# Removing scratches from silver?



## texasgirl (May 15, 2007)

Does anyone know how to remove scratches from a strerling silver bracelet?
Is there some sort of cloth or anything? Mine has visible scratches that must have come from me wearing mine at work and typing on the computer. It rubs on the desk.


----------



## Andy M. (May 15, 2007)

With sterling, you have a chance as it's solid silver.  I'd try a silver polish.  It's an abrasive that will take off scratches or at least make them less visible, depending on how deep they are.

If that doesn't work, take them to a jeweler and he can polish them out.


----------



## Katie H (May 15, 2007)

I don't know that _you _can remove them.  Perhaps a good jeweler would be the one to do it correctly.  But if you want to refurbish the bracelet a bit, you can use the stuff that the people at Replacements Ltd. use.

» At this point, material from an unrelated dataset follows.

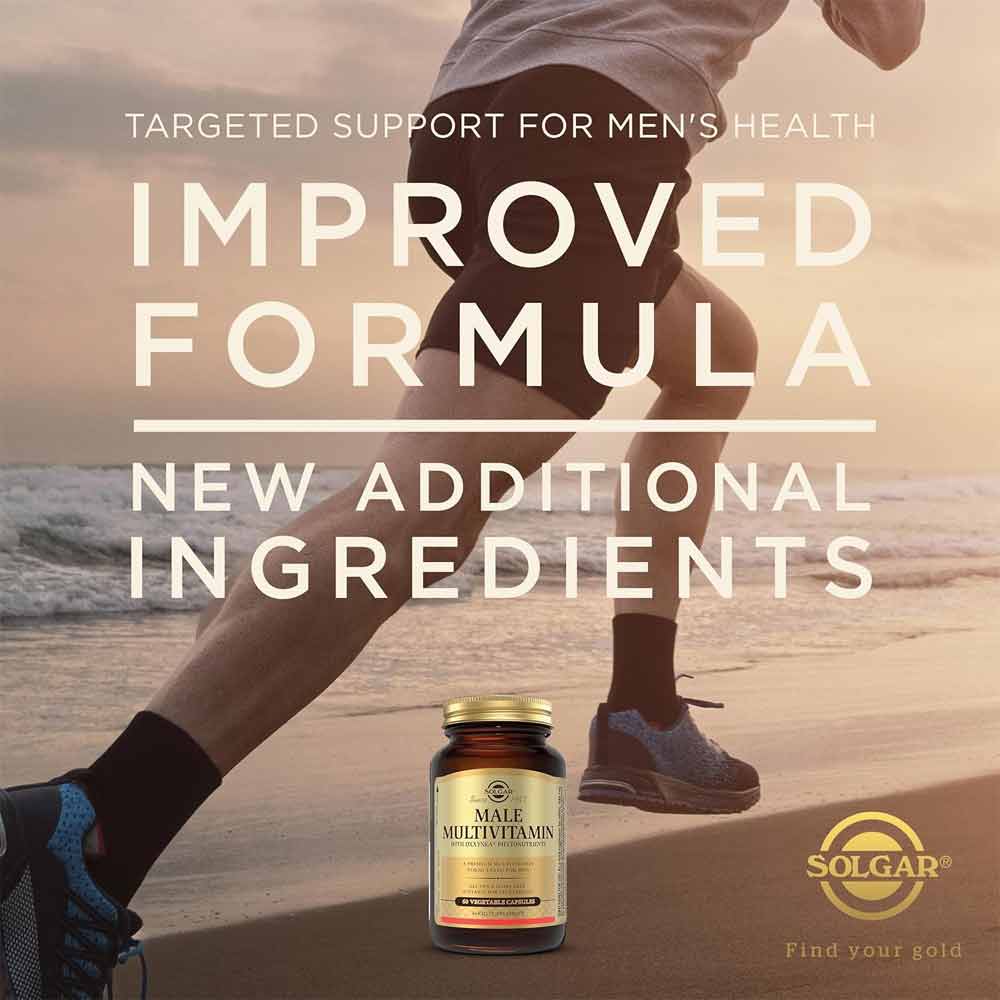 Solgar Male Multivitamin 60 Capsules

It's a product called NEVR-DULL.  I've been using it for years on all my silver flatware and all my other silver pieces.  It can make the ugliest piece look almost new.  Here's a link that tells you where it can be found, along with some information on the product:  find it here.


----------



## texasgirl (May 15, 2007)

Thanks Andy. I don't think they are deep,just a surface scratch.

Thank you too, Katie!!


----------



## jpmcgrew (May 15, 2007)

Is scratches are not too deep a jeweler should be able to buff them out,


----------